Остроумию режиссера Праудина надо отдать должное. Когда Веригин, назначая очередной совершенно кабальный для Бузыкина срок сдачи перевода, затягивает «Я гоняюсь, я гоняюсь за туманом…» — все остальные герои сидят на диванчике, точно на вечере авторской песни. Получается эксклюзивный ад для поэта — пытка масскультом — повсеместный «клуб «Восток». И Бузыкин, вернувшись домой после ночи, проведенной у Аллы, наигрывает одним пальцем на пианино спасительное «Ты у меня одна…» — и истерика Нины словно бы захлебывается, так и не вылившись наружу. Сентиментальная механика работает безотказно. Только после нее до бунта уже рукой подать: самоуважение, как ни крути, а возвращать надо.

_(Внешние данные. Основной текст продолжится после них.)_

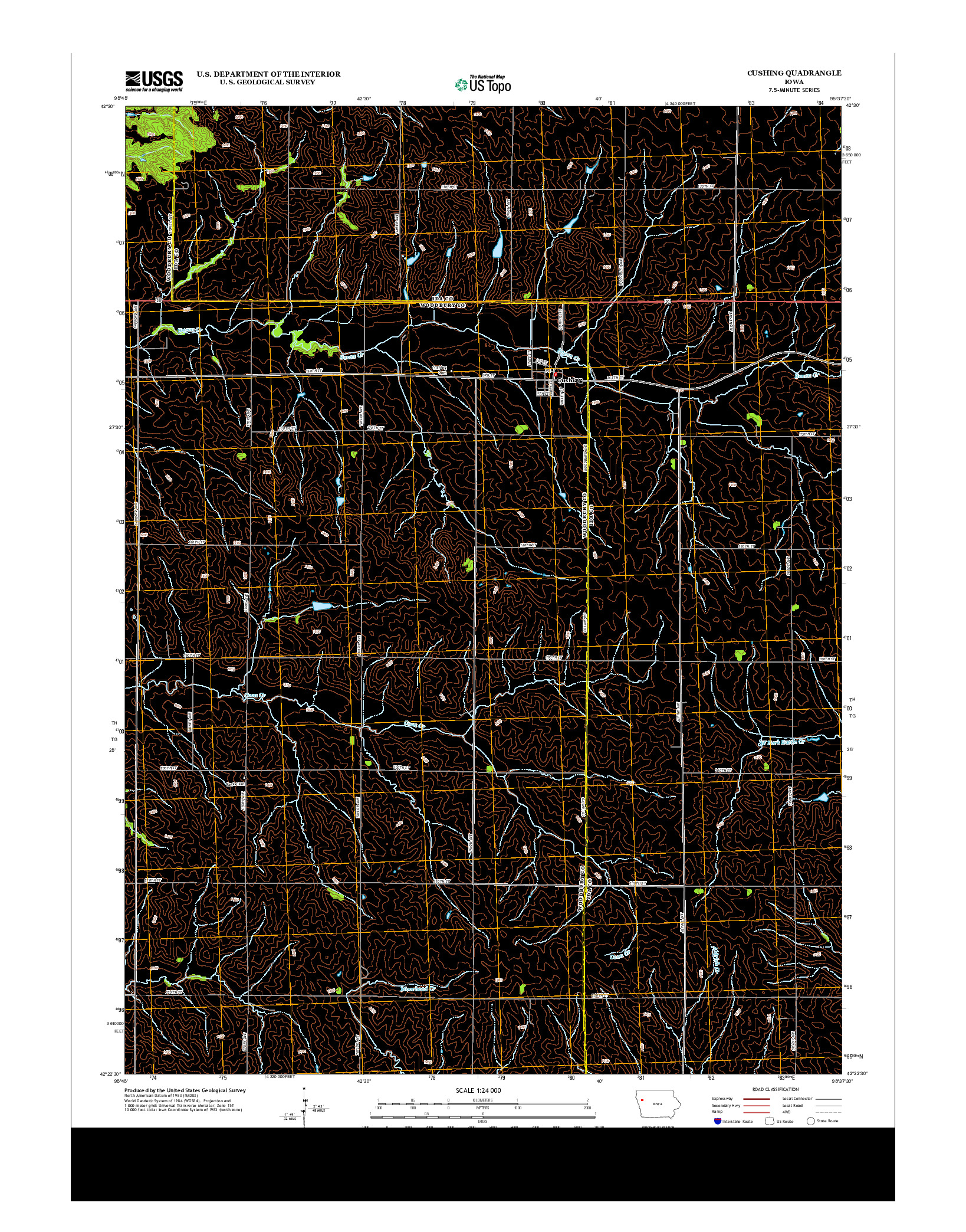 USGS US TOPO 7.5-MINUTE MAP FOR CUSHING, IA 2013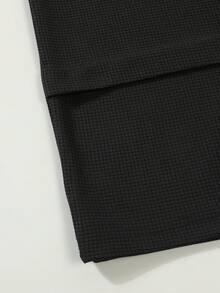 男士休闲拼接撞色口袋翻领长袖衬衫+长裤套装，轻薄涤纶面料，休闲运动度假装，春秋季 - 黑色 - 查看 8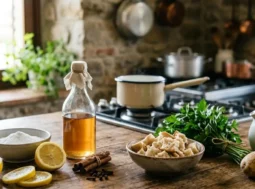 Ingredienti naturali sul tavolo di una cucina rustica per eliminare i cattivi odori: limone, bicarbonato, aceto, pane e patate.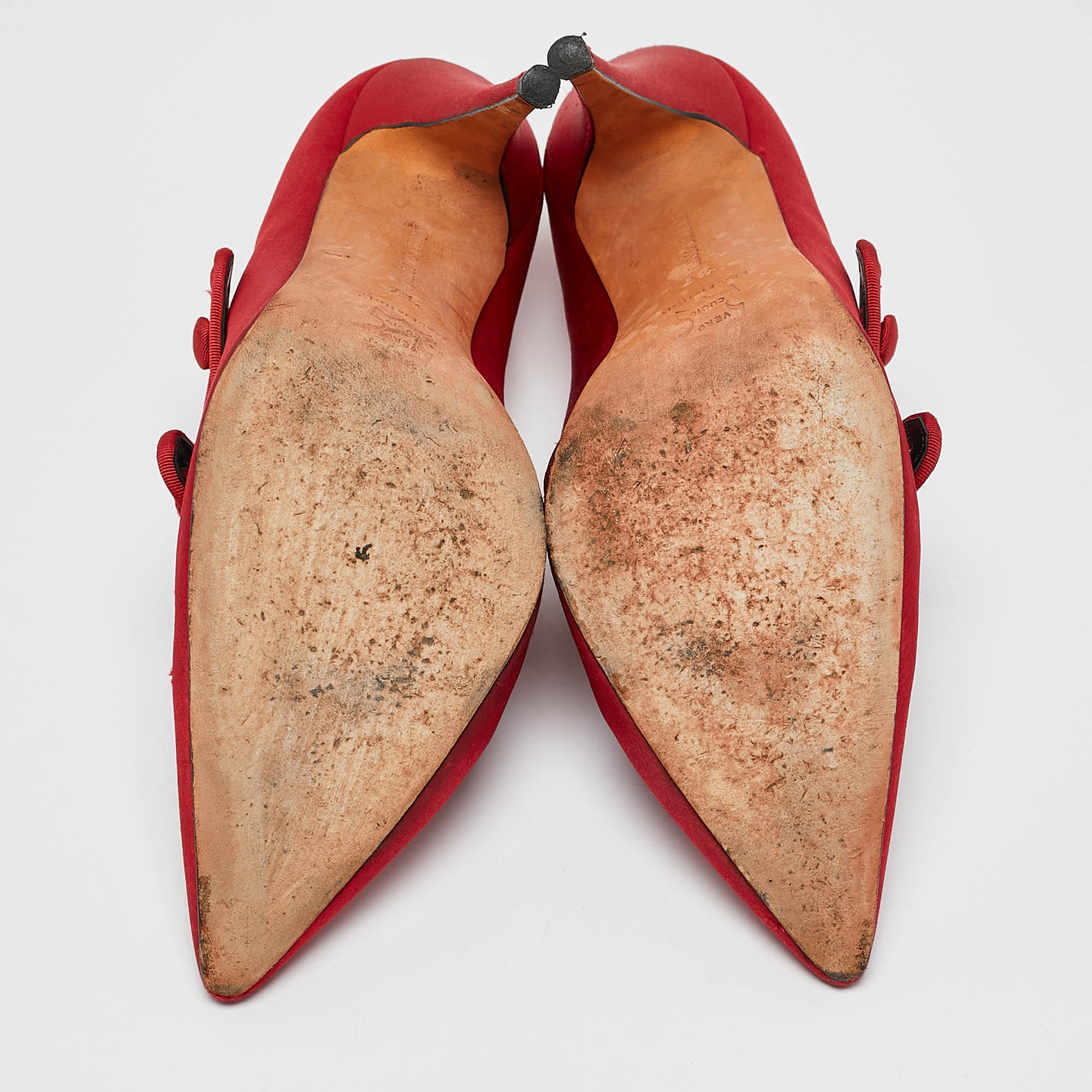 Manolo Blahnik Red Satin D`orsay Pumps Size 37 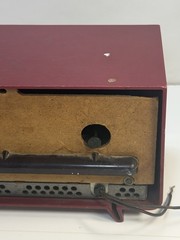 General Electric Cranberry Red 1953 Model 565 clock radio for parts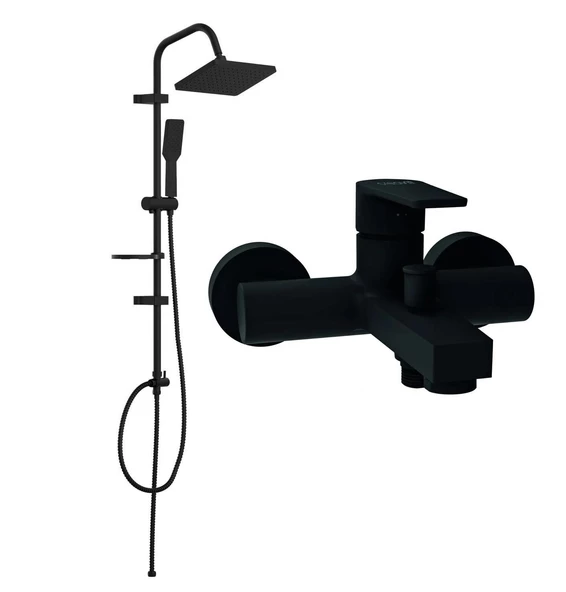 Creavit SR2510S Sharp Banyo Batarya, SH630SM Mat Siyah Tepe Duş Seti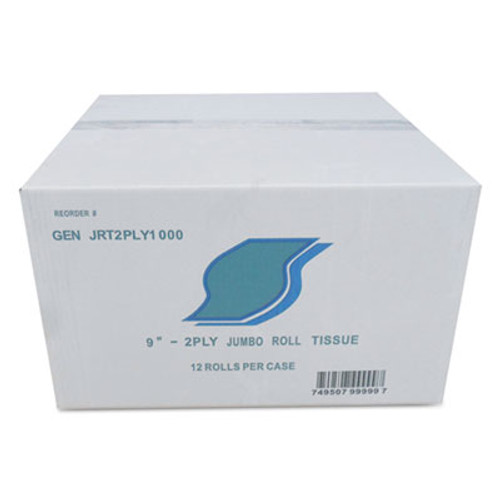 GEN Jumbo Bath Tissue  Septic Safe  2-Ply  White  3 5  x 800 ft  12 Carton (GENJRT2PLY)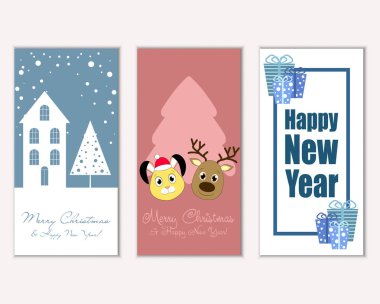 mutlu Noeller ve mutlu yeni yıl tebrik kartları vektör çizim     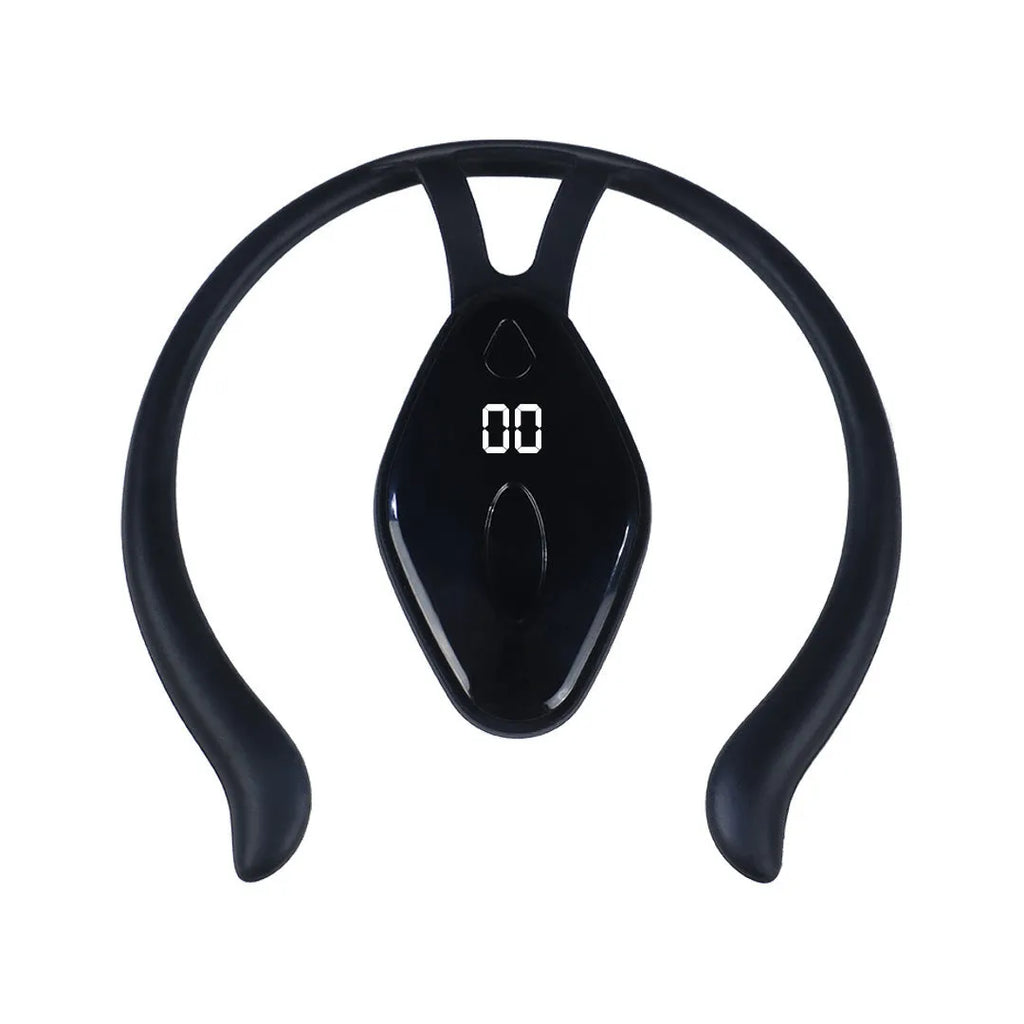 Children's portable posture corrector with LCD display, vibration reminder, USB charging, in black or orange.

На Шершавникова Бузыкин, как и положено, наорет, да еще и бакенбарды с «Пушкина» сорвет в ярости, но в эти минуты несуразный, угловатый герой Константина Анисимова (кстати, в жизни, как все, конечно, помнят, этот артист комментирует матчи «Зенита» и фирменная спортивная форма клуба сидит на нем как влитая) будет похож на мультяшного добряка кота Леопольда, проглотившего тройную порцию «Озверина». И ни на секунду не утратит своего обаяния. В то время как женщинам — всем троим — не только в обаянии, но и в элементарной порядочности будет отказано режиссером категорически. «Женяяя!» — будет стонать Алла в телефонной будке, призывая Пташука. И ровно в это же время жена будет ей вторить: «Евдокии-ииии-мов». Ну а Варя (Маргарита Лоскутникова), и вовсе отправится на колени к Веригину и выпросит у него любимого бузыкинского Скофилда. И прямо оттуда же, с колен Веригина, позвонит и сообщит об этом Бузыкину, цинично уточнив, как он к этому относится.
После всех этих испытаний поэт испробует последнее средство — рванется к народу. Прямо публике в огромном зале «Балтдома» будет объяснять Бузыкин, что ему надо в аэропорт провожать дочь. Народ, как и положено, будет безмолвствовать.
Тогда-то герой Анисимова и выберет ремонт. То есть, «не выходить из дома, не совершать ошибки». И вся сцена покроется газетами. Но «запереться и забаррикадироваться шкафом от хроноса, космоса, эроса, расы, вируса», как все мы помним, не выйдет. Живую жертву в покое обыкновенно не оставляют. Придется снова бежать, уже не в трико с вытянутыми коленками, а в одних черных трусах и, как это ни смешно, носках. Бежать, сколько хватит сил, как Форест Гамп или как Иосиф Бродский, презрев собственный вопрос: «Зачем выходить оттуда, куда вернешься вечером// Таким же, каким ты был, тем более — изувеченным?» Собственно, именно этот вопрос снова стоит нынче перед многими отечественными художниками практически ребром. И, кажется, на него есть единственный ответ: «Затем, чтобы не возвращаться».